_WORK TO COMPLETE_: Find the line in the data below that contains "טביליסי Iren River". Return that line and all the lines after it, unchanged.

━━━━━ MATERIALS PROVIDED

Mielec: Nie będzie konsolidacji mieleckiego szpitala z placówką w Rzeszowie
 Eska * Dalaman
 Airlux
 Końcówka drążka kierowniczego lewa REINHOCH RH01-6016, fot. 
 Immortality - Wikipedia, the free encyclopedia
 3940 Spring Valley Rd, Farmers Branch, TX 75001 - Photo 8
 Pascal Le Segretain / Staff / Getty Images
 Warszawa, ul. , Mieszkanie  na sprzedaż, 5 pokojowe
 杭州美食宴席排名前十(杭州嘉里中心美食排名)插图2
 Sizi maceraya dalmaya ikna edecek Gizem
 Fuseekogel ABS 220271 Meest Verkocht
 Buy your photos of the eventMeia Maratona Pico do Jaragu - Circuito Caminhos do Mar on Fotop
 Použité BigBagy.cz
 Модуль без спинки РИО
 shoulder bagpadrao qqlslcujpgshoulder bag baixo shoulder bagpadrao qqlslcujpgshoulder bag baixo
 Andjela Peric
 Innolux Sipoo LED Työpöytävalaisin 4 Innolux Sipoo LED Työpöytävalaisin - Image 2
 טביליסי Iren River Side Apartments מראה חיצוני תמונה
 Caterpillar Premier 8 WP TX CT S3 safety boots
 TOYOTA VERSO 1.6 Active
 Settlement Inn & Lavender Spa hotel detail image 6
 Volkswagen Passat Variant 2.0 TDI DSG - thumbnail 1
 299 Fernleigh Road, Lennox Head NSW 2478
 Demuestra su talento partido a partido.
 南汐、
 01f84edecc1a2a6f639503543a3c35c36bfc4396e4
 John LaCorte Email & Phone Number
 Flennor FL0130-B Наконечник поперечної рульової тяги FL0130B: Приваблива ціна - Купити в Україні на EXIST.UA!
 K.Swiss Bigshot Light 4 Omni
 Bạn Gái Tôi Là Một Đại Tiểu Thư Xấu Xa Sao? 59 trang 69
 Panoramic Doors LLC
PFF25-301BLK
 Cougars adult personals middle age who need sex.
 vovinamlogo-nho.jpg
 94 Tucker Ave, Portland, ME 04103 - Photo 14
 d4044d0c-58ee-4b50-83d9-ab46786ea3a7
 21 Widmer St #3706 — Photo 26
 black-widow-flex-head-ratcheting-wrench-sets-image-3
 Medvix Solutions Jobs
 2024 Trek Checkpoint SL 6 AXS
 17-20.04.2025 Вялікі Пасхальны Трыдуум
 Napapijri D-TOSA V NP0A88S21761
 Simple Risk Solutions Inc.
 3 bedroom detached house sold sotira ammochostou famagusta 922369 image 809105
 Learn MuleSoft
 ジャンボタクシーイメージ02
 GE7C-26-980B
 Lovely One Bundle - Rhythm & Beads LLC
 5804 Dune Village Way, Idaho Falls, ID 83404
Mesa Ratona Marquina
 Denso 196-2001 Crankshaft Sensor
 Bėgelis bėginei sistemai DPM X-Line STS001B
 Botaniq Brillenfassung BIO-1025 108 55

━━━━━━━━━━

_YOUR SOLUTION_:
 טביליסי Iren River Side Apartments מראה חיצוני תמונה
 Caterpillar Premier 8 WP TX CT S3 safety boots
 TOYOTA VERSO 1.6 Active
 Settlement Inn & Lavender Spa hotel detail image 6
 Volkswagen Passat Variant 2.0 TDI DSG - thumbnail 1
 299 Fernleigh Road, Lennox Head NSW 2478
 Demuestra su talento partido a partido.
 南汐、
 01f84edecc1a2a6f639503543a3c35c36bfc4396e4
 John LaCorte Email & Phone Number
 Flennor FL0130-B Наконечник поперечної рульової тяги FL0130B: Приваблива ціна - Купити в Україні на EXIST.UA!
 K.Swiss Bigshot Light 4 Omni
 Bạn Gái Tôi Là Một Đại Tiểu Thư Xấu Xa Sao? 59 trang 69
 Panoramic Doors LLC
PFF25-301BLK
 Cougars adult personals middle age who need sex.
 vovinamlogo-nho.jpg
 94 Tucker Ave, Portland, ME 04103 - Photo 14
 d4044d0c-58ee-4b50-83d9-ab46786ea3a7
 21 Widmer St #3706 — Photo 26
 black-widow-flex-head-ratcheting-wrench-sets-image-3
 Medvix Solutions Jobs
 2024 Trek Checkpoint SL 6 AXS
 17-20.04.2025 Вялікі Пасхальны Трыдуум
 Napapijri D-TOSA V NP0A88S21761
 Simple Risk Solutions Inc.
 3 bedroom detached house sold sotira ammochostou famagusta 922369 image 809105
 Learn MuleSoft
 ジャンボタクシーイメージ02
 GE7C-26-980B
 Lovely One Bundle - Rhythm & Beads LLC
 5804 Dune Village Way, Idaho Falls, ID 83404
Mesa Ratona Marquina
 Denso 196-2001 Crankshaft Sensor
 Bėgelis bėginei sistemai DPM X-Line STS001B
 Botaniq Brillenfassung BIO-1025 108 55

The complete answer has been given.